It’s Worth What The Buyer Is Willing To Pay – Are You Sure?
Written by James Sanders

The next in our M&A process series is valuation. If you are the Seller, do you know what your business is worth? If you are the Buyer, do you know what you are willing to pay? Business valuation is tough enough in the public spectrum and those companies provide you with information. In the private arena, it can feel like the wild west. However, there are professionals in this space that can certainly provide valuable insight.
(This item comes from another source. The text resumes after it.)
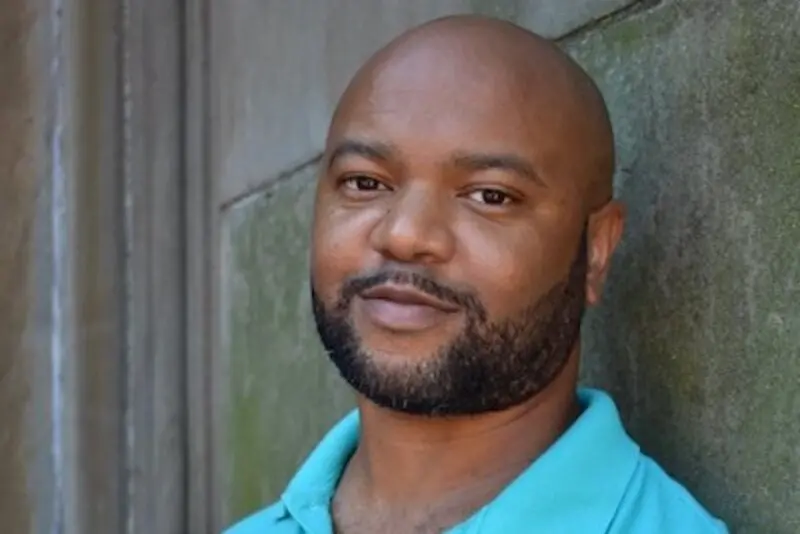 A man with a shaved head and trimmed beard wearing a light blue collared shirt stands against a textured stone wall, looking calmly at the camera.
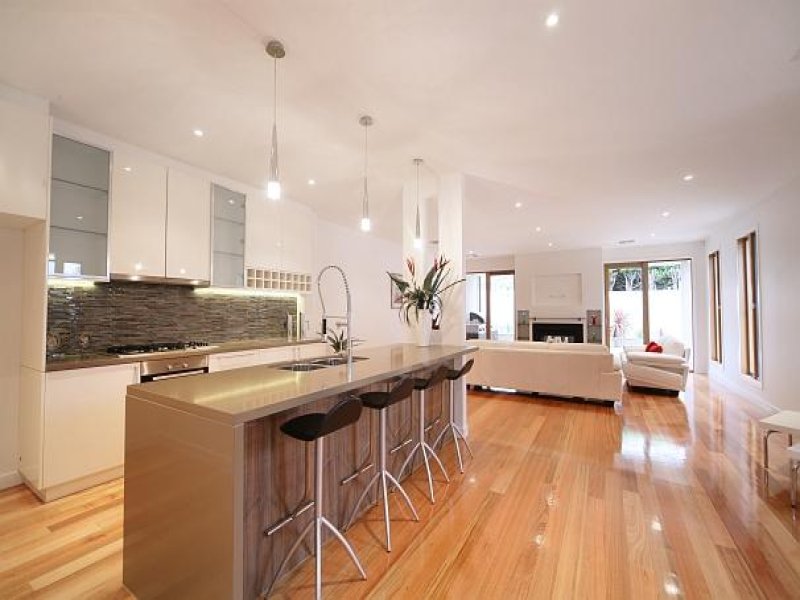 Modern island kitchen design using floorboards - Kitchen Photo 228456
Below are a few of the methods that are employed:
- Asset Method – a simple, yet very objective method where you take the difference between the asset value of a company and its liabilities; this method is good if the true value lies in the assets and not so much in their income generating capabilities (a good example of this would be a purchase of a business because of the equipment, land and/or real estate);
- Income Method – in this method, the value of the company is based on the present value of its discounted future cash flows (i.e., what you think the company can give you in cash over a certain number of years discounted back to today’s dollars; this method is often used for high growth and/or consistent cash flow businesses);
- Market Method – the value of the business is driven by the value paid for comparable companies; multiples (Price/Sales, Price/EBITDA) from these transactions are calculated and then applied to your business financials; if you ever talk with someone from private equity, you will hear some version of this method discussed;
I would highly recommend that you engage with a professional (CPA, certified business valuation expert, business attorney, financial advisor) to help you get a sense for the value of a business.
“What a company is worth depends on who wants to buy it.”